26.05.2020 - Der „Mercron-Plan“ - der erste Schritt in eine Schuldenunion?

Bundeskanzlerin Merkel und der französische Präsident Macron haben letzte Woche ihre Idee für einen 500 Milliarden Euro schweren Corona-Wiederaufbaufonds vorgestellt. Der Knackpunkt ihres Plans - der mit vielen Regierungen abgestimmt sei - ist die Schuldenaufnahme durch die Kommission und die Weitergabe der Gelder nicht in Form von Krediten, sondern als Zuschüsse. Der Fonds soll zwar zeitlich befristet sein, aber die Rückzahlung der Schulden soll laut Merkel nach dem gleichen Schlüssel wie die Einzahlungen ins EU-Budget strukturiert sein. Ergo: Die großen, wirtschaftsstarken Länder zahlen im Grunde einen Transfer an den Süden. Diese Strukturierung kommt de facto einer Vergemeinschaftung der Schulden - wenn auch zeitlich begrenzt - in Europa gleich. Die Bundesregierung und allen voran Angela Merkel hatten jahrelang genau dagegen angekämpft.
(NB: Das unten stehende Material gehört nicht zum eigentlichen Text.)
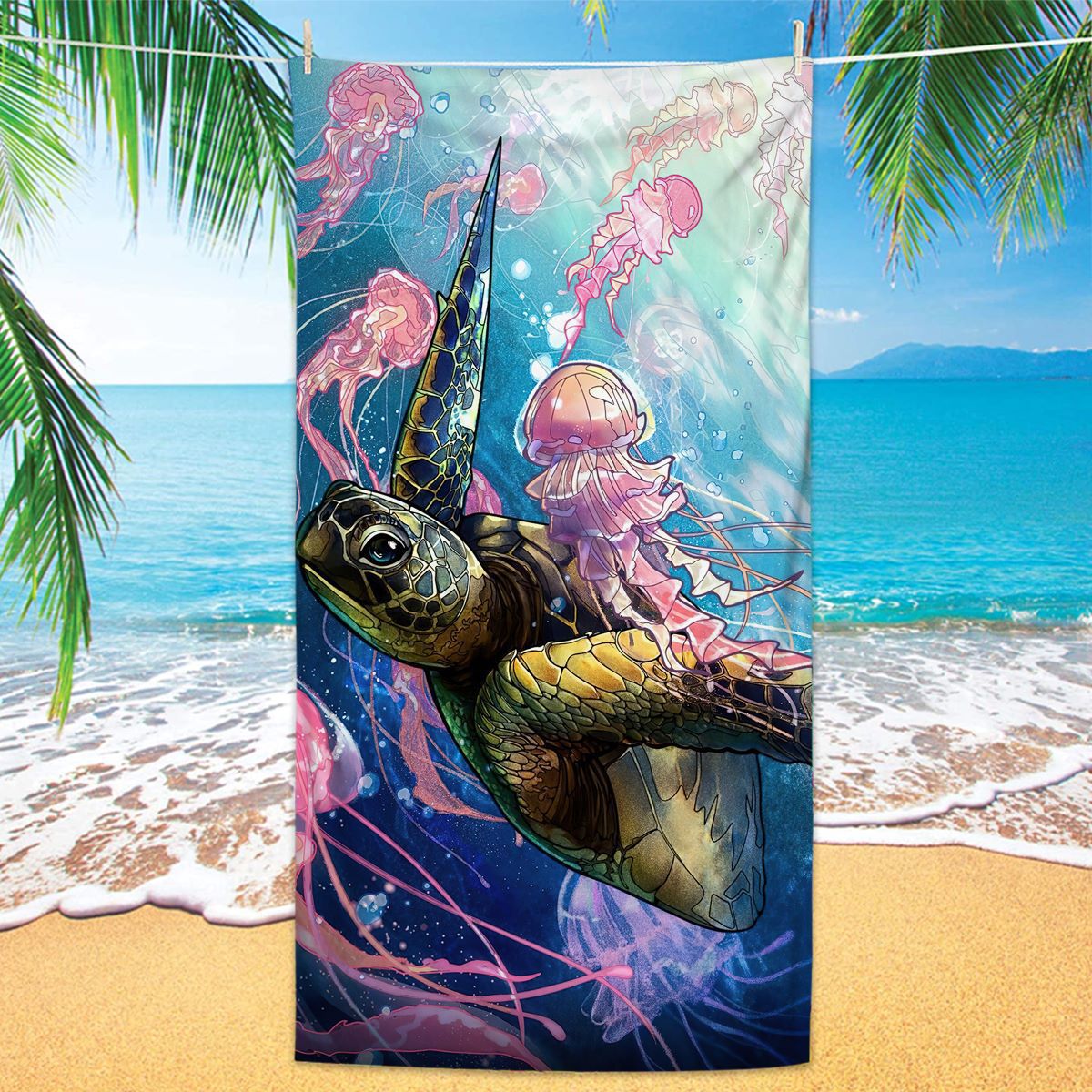 Turtle Printing Beach Towel Quick Dry Sand Free Microfiber Holiday Travel Towel
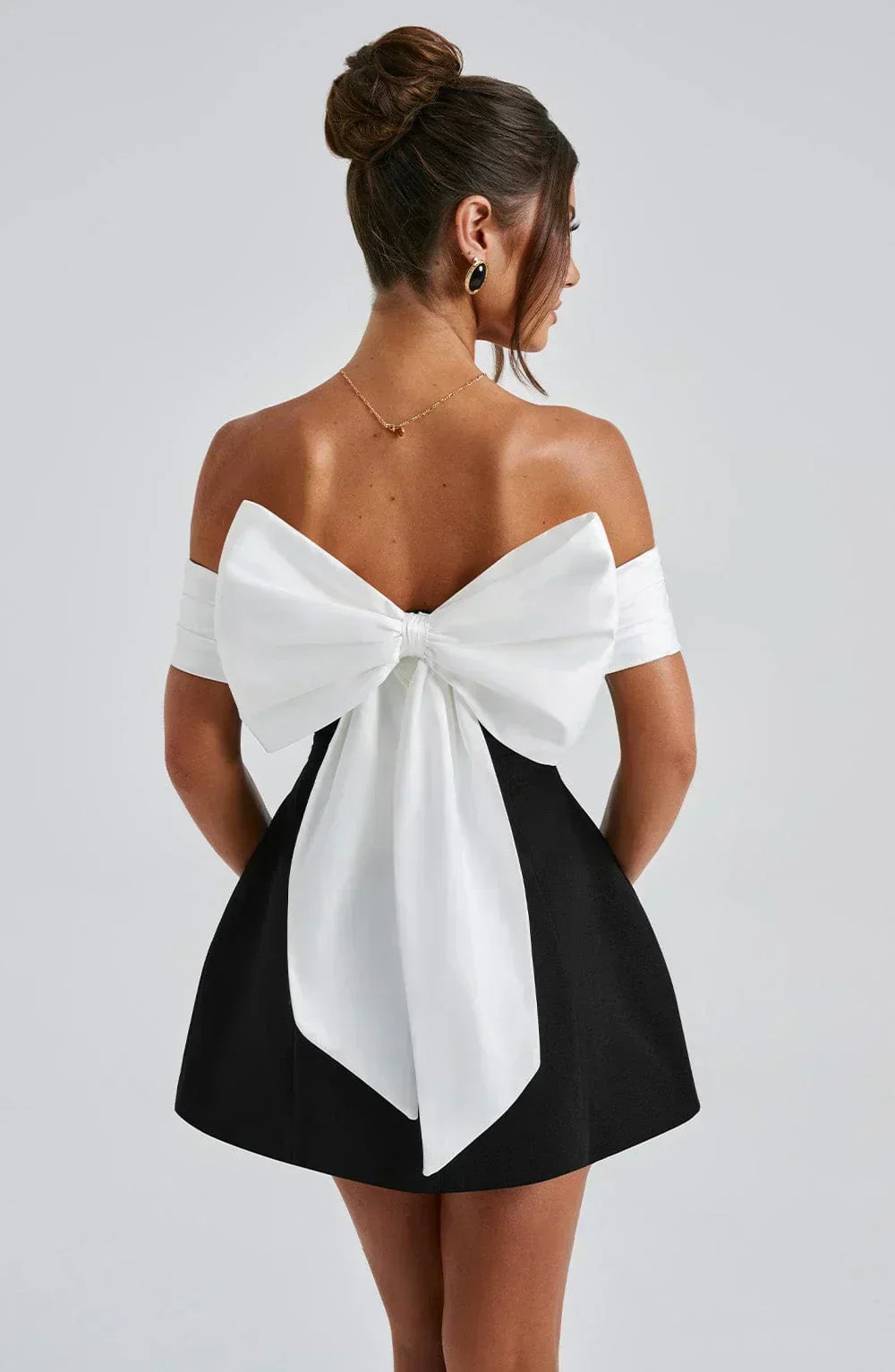 Women's Chic Trendy Bow Mini Dress for Special Events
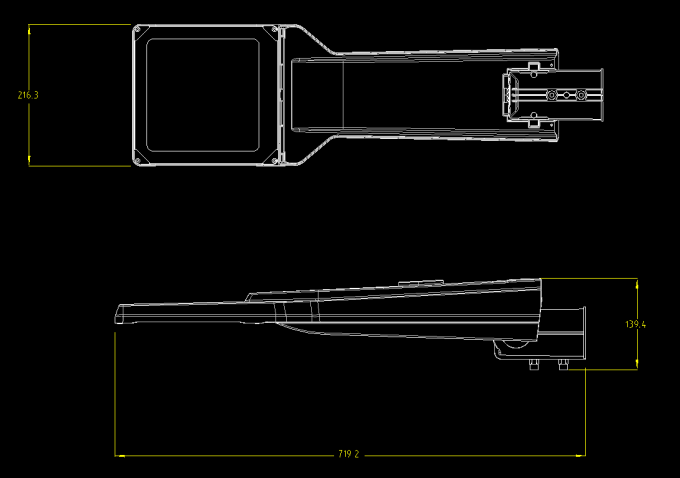 Park / Square LED Street Light Fixtures IP66 140lm/W Lamp Luminous Efficiency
Warum kam es nun zu einer Kehrtwende? Und ist dies wirklich der Anfang einer Schuldenunion?

Die Corona-Krise ist die schwerste Wirtschaftskrise seit dem Zweiten Weltkrieg und das Ausmaß der Rezession ist noch nicht vollumfänglich abschätzbar. Die BIP-Zahlen zum ersten Quartal haben bereits gezeigt, dass die südeuropäischen Länder deutlich stärker betroffen sind als beispielsweise Deutschland. Die Rufe nach Solidarität in der Form von Corona-Bonds wurden immer lauter. Der Wiederaufbaufonds ist ein Kompromiss, denn ganz ohne Solidarität kommt Europa nicht vereint aus dieser Krise. Der Unterschied zu Corona-Bonds ist das Haftungsvolumen:  Bei dem Wiederaufbaufond haftet jeder Mitgliedstaat nur mit seinem Anteil und nicht – wie bei Eurobonds – für das gesamte Schuldenvolumen. Dies hat zumindest in Deutschland einen innenpolitischen Sturm der Entrüstung verhindert und zu einem überraschenden, überparteilichen Konsens geführt.

Es gibt allerdings Gegenwind von den sogenannten „Sparsamen Vier“ (Österreich, Schweden, Dänemark und die Niederlande): Am vergangenen Wochenende haben sie einen Gegenentwurf vorgelegt, laut dem es keine Zuschüsse, sondern nur Kredite geben soll.

Merkel und Macron müssen also noch umfangreiche Überzeugungsarbeit leisten, denn dem Fonds müssen all 27 EU-Mitgliedstaaten zustimmen. Das letzte Wort über die Ausgestaltung eines Wiederaufbaufonds ist noch längst nicht gesprochen. Aber selbst wenn der „Mercron-Plan“ in seiner momentanen Form kommen sollte, wird er nicht der Anfang einer umfassenden Schuldenunion sein.